AVAILABLE DATA:
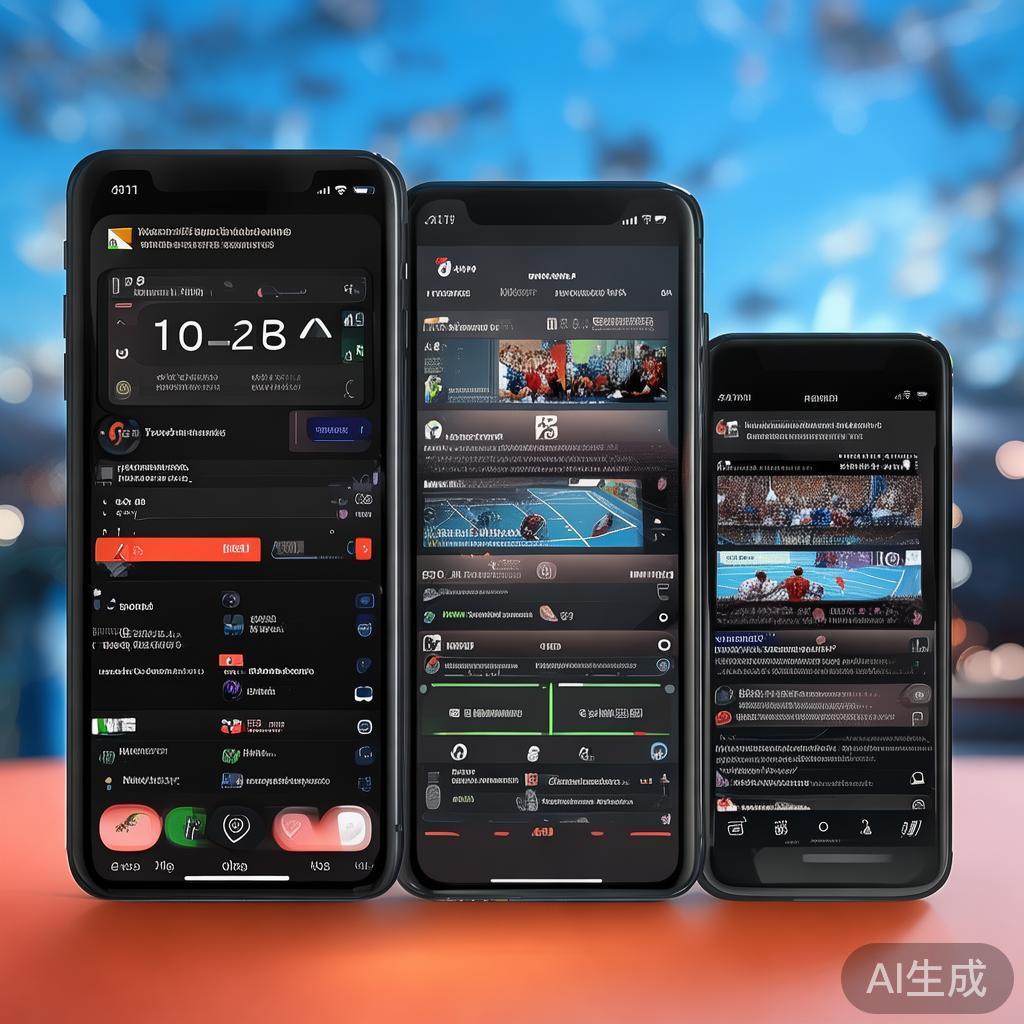 海德体育app下载最新版本苹果版完整教程与操作指南 在众多体育类应用中,海德体育凭借其丰富的赛事资源、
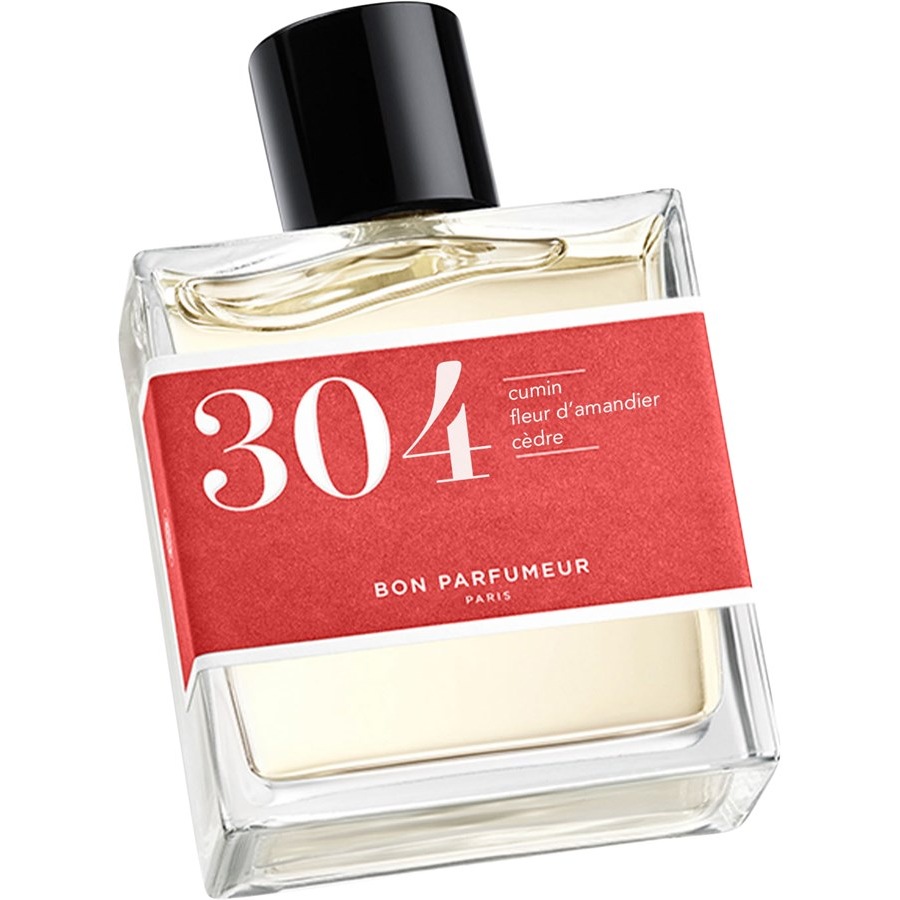 304 Cumin - Almond - Blossom - Cedar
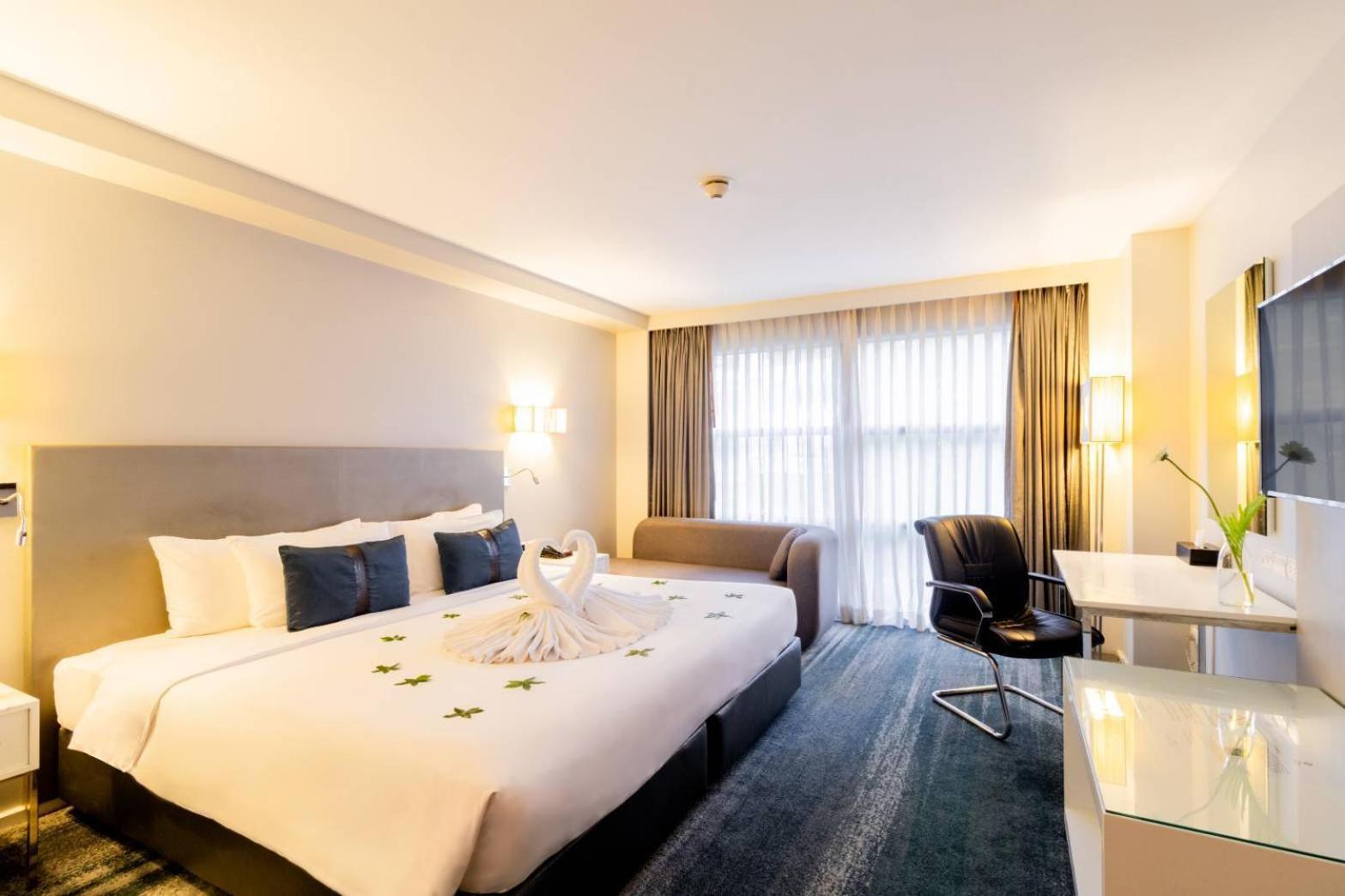 Best Western Sukhumvit 20 Μπανγκόκ Εξωτερικό φωτογραφία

TRY IT: Reproduce the lines above exactly, please, but not the pictures in them.

ANSWER BOX:
 海德体育app下载最新版本苹果版完整教程与操作指南 在众多体育类应用中,海德体育凭借其丰富的赛事资源、
 304 Cumin - Almond - Blossom - Cedar
 Best Western Sukhumvit 20 Μπανγκόκ Εξωτερικό φωτογραφία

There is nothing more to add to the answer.